La capienza del cimitero si dimostrò ben presto insufficiente, e nel 1210 venne costruita una camera destinata ad accogliere le ossa provenienti dal cimitero, al fianco del quale nel 1269 sorse una piccola chiesa, che fu dedicata a Maria Addolorata e ai santi Ambrogio e Sebastiano. La dedica della chiesa a San Bernardino da Siena avvenne solo nel XV secolo, quando l’edificio fu concesso in uso alla confraternita dei Disciplini e quindi dedicato al santo un tempo appartenente all’ordine.

L’interno ha pianta ottagonale, con altari marmorei barocchi e due cappelle laterali. Davanti all’altare maggiore vi è una grata da cui si intravedono gli scalini che portano ad una grande cripta: qui vi è il sepolcreto dei Disciplini, la confraternita fondata a Perugia da Ranieri Fasani nel 1260 e presente a Milano dal 1300.
Lungo i lati sono disposte ventuno nicchie in muratura, dalla forma di stalli di un coro, su cui venivano adagiati i confratelli defunti. Gli adepti praticavano una rigida disciplina liturgica e spirituale e prestavano assistenza ai bambini abbandonati, agli infermi, ai condannati a morte. Indossavano una tonaca bianca con cappuccio che copriva la testa e il viso, con due feritoie per gli occhi, e un cordone legato alla vita che scendeva sino a toccare terra. Sul lato destro della tonaca c’era una corona, e sul petto una croce rossa.
Proseguendo lungo uno stretto corridoio, si accede all’ossario, con una volta affrescata nel 1695 da Sebastiano Ricci. Le pareti interne dell’edificio, a pianta quadrata, sono quasi interamente ricoperte di teschi ed ossa che si trovavano nell’antico ossario, assieme a quelle che vennero riesumate nei cimiteri soppressi dopo la chiusura dell’ospedale locale, avvenuta nel 1652. Tutte le ossa vennero disposte nelle nicchie, sul cornicione, adornando i pilastri, fregiando le porte. In questo motivo decorativo, il lato macabro si fonde perfettamente con la grazia dello stile rococò.

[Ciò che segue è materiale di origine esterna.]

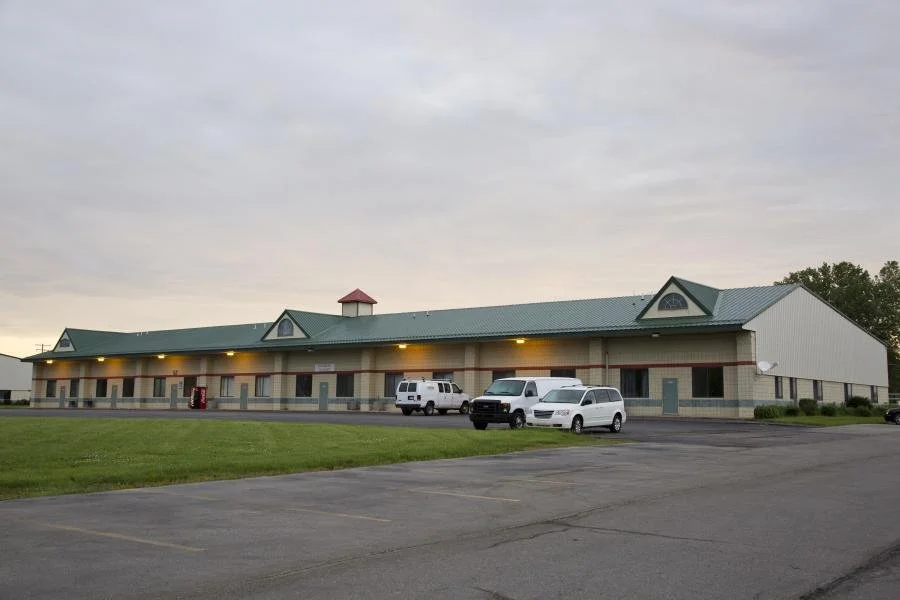 Long low commercial building with a covered walkway and parked vans at dusk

Nel 1738 re Giovanni V del Portogallo, in visita a San Bernardino alle Ossa, rimase talmente colpito dalla cappella, che decise di costruirne una identica a Évora, una località vicino Lisbona: la cappella è nota come “Capela dos Ossos“.
La stretta dei Morti e l’ossario di San Bernardino sono sicuramente dei luoghi da brivido da visitare, e il lato inquietante non finisce qui, infatti, secondo una leggenda sulla sinistra dell’altare, in mezzo alle altre ossa, pare sia sepolto anche lo scheletro di una bambina. La notte dei morti la fanciulla esce dal suo tumulo, passando per uno stretto pertugio, trascinando con sé gli altri defunti. Gli scheletri ricomposti inscenano nel mezzo della cappella una danza macabra assieme agli scheletri dei giustiziati, sistemati sopra la porta d’ingresso. L’orribile suono delle ossa in movimento si sente anche fuori dalla cappella.